→ ASSIGNMENT
Of the lines below, write out exactly those from the line with "Ramparts of Empire: British" through the line with "Back Off I Have", both included, and skip the rest.

START PROVIDED INFORMATION

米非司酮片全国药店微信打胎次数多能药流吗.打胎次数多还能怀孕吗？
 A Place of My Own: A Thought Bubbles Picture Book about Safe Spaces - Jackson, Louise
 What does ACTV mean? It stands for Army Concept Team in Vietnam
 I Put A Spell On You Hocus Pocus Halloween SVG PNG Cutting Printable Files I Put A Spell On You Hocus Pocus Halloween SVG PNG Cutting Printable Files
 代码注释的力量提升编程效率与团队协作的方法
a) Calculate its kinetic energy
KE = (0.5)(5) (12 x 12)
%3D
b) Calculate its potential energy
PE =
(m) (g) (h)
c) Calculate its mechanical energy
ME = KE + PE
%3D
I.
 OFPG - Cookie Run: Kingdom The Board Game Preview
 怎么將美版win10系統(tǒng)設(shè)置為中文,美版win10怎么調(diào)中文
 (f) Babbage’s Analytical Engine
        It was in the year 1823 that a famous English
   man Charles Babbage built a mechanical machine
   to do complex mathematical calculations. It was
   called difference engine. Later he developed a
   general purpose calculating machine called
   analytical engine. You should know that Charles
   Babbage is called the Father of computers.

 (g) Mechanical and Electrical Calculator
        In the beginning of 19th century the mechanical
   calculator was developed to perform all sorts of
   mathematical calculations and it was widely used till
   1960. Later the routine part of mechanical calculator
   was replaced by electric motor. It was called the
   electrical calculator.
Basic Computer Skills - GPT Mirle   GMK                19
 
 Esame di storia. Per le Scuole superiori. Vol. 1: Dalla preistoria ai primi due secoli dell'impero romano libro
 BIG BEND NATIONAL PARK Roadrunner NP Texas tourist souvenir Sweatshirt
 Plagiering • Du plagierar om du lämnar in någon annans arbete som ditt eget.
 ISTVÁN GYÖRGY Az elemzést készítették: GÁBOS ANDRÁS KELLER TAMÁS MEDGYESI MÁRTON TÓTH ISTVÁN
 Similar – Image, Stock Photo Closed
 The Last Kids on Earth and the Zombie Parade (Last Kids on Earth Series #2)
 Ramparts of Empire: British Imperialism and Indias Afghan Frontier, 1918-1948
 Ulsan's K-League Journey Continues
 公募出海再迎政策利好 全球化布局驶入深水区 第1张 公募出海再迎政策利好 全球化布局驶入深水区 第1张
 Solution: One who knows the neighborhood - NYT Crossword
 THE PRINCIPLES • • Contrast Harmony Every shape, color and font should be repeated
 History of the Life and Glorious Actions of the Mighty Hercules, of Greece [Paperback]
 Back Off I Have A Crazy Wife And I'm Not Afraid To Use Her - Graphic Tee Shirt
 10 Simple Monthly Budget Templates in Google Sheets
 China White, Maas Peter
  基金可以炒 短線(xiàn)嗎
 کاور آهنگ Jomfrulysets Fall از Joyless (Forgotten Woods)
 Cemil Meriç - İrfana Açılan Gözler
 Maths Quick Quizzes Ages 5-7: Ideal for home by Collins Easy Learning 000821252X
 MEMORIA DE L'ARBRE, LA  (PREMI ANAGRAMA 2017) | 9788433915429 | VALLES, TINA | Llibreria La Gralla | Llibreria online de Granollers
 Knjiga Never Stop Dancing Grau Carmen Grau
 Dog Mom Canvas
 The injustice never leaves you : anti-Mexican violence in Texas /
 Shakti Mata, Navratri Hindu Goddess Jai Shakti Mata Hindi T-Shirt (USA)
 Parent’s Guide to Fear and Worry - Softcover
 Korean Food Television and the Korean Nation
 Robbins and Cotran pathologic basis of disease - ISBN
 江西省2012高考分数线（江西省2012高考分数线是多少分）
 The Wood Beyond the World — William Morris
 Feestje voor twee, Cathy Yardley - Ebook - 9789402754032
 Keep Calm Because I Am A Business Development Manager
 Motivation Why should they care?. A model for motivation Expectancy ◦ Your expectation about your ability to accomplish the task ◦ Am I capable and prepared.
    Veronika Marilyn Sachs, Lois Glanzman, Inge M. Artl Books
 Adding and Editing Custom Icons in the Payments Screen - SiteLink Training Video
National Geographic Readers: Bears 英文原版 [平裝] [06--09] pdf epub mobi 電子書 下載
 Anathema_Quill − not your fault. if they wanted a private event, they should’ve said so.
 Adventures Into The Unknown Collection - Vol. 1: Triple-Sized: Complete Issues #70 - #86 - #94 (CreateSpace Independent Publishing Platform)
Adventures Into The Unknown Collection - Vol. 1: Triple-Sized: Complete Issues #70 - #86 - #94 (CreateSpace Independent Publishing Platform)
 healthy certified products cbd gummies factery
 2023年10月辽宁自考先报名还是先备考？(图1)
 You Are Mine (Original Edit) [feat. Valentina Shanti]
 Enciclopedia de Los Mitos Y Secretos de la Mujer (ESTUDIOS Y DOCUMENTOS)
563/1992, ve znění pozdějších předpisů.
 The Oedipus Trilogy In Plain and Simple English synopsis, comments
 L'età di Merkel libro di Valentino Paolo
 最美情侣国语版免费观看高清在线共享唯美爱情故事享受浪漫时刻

END PROVIDED INFORMATION

→ TASK SOLUTION
 Ramparts of Empire: British Imperialism and Indias Afghan Frontier, 1918-1948
 Ulsan's K-League Journey Continues
 公募出海再迎政策利好 全球化布局驶入深水区 第1张 公募出海再迎政策利好 全球化布局驶入深水区 第1张
 Solution: One who knows the neighborhood - NYT Crossword
 THE PRINCIPLES • • Contrast Harmony Every shape, color and font should be repeated
 History of the Life and Glorious Actions of the Mighty Hercules, of Greece [Paperback]
 Back Off I Have A Crazy Wife And I'm Not Afraid To Use Her - Graphic Tee Shirt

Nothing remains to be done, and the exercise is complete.